It’s been nearly a year since we moved from Suburbia to the City. When I tell people we live downtown, I get some raised eyebrows, lots of questions and a few encouraging comments. It seems so natural that we moved here. But it wasn’t always that way.
It all started when we sent our kids to The Oaks Academy. Many people couldn’t understand why we would send our boys to this school, 40 minutes away, when we had stellar schools in our backyard. True, many families moved to the suburbs because of the schools, but they still weren’t the Oaks. For reasons I do not fully understand myself, I welled up with tears every time I heard of this school in the crime-ridden, economically depressed neighborhood. The simplest way I can explain enrolling our kids at the Oaks is this: God stirred our hearts with such force that there was no way we could ignore it any longer. We were drawn to its mission of offering a Christ-centered, classical education while promoting reconciliation across societal boundaries.

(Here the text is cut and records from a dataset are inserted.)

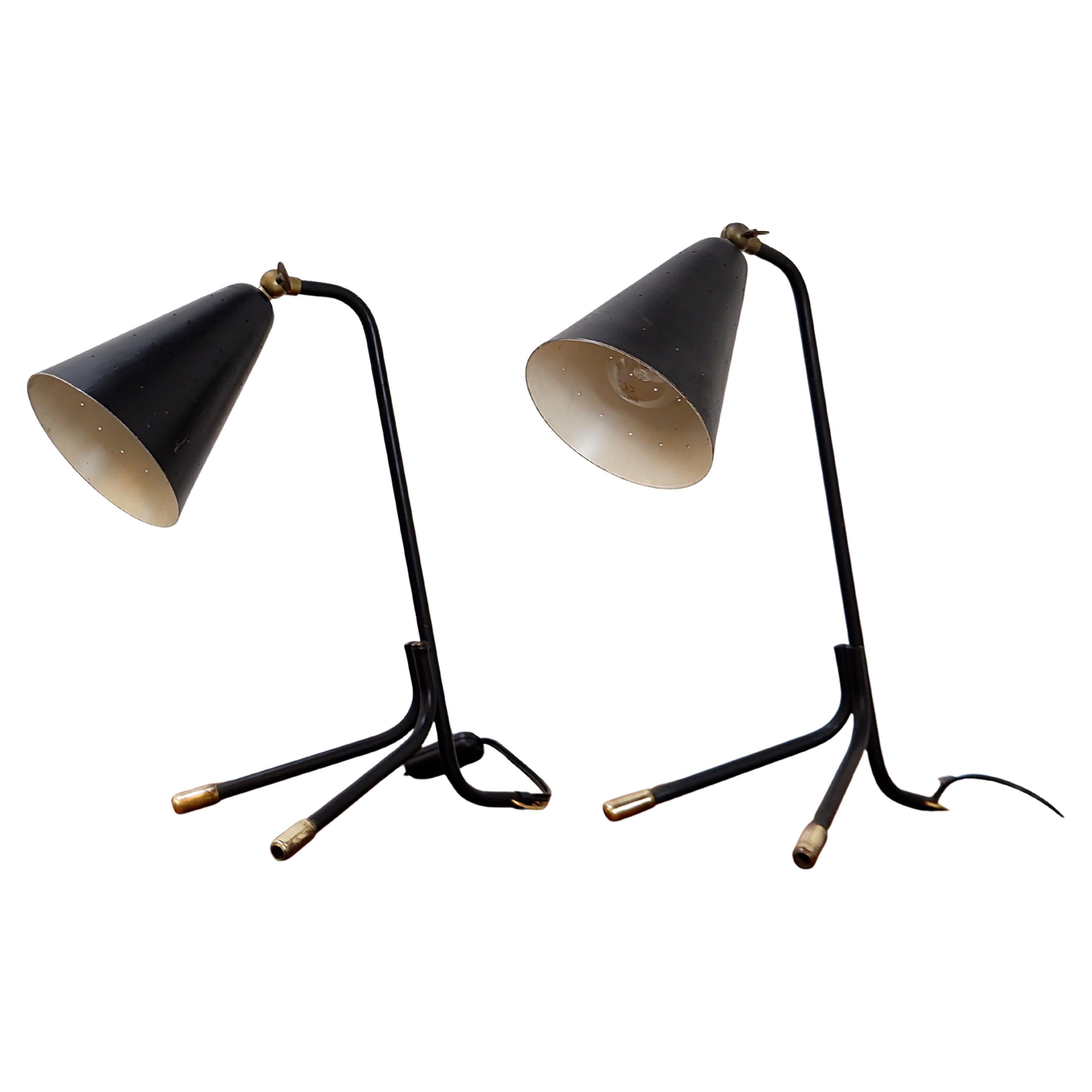 Svend Aage Holm Sørensen pair of lamps Holm Sørensen Edition - 1950s For Sale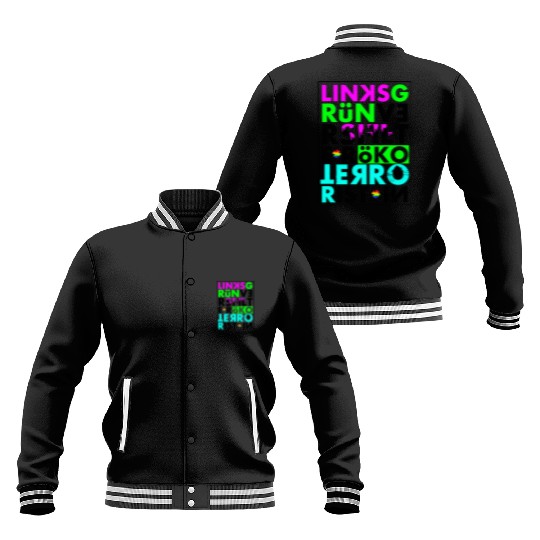 left green sapled eco terrorist Baseball Jackets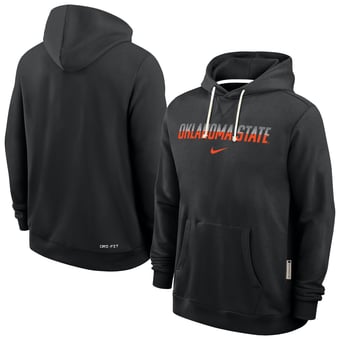 Men's Nike Black Oklahoma State Cowboys 2026 Sideline Standard Issue Dri-FIT Hoodie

So, for six years, I drove the 40 minutes one way, for one, then two, then three and finally all four of our boys. And the more we developed relationships with the families at school, the more our hearts were burdened for the urban neighborhoods which we drove through each day. Living in the suburbs made it difficult to cultivate the relationships at school. We started feeling like we were living two lives. The life of the suburbanite, comfortable with our large, manicured yards, deluxe automobiles, upscale shopping centers, million dollar homes and competitive sport leagues, and the life of the urbanite, concerned with homeless men and women wandering the streets, independent store owners, sustainable living, and reconciliation among races and cultures.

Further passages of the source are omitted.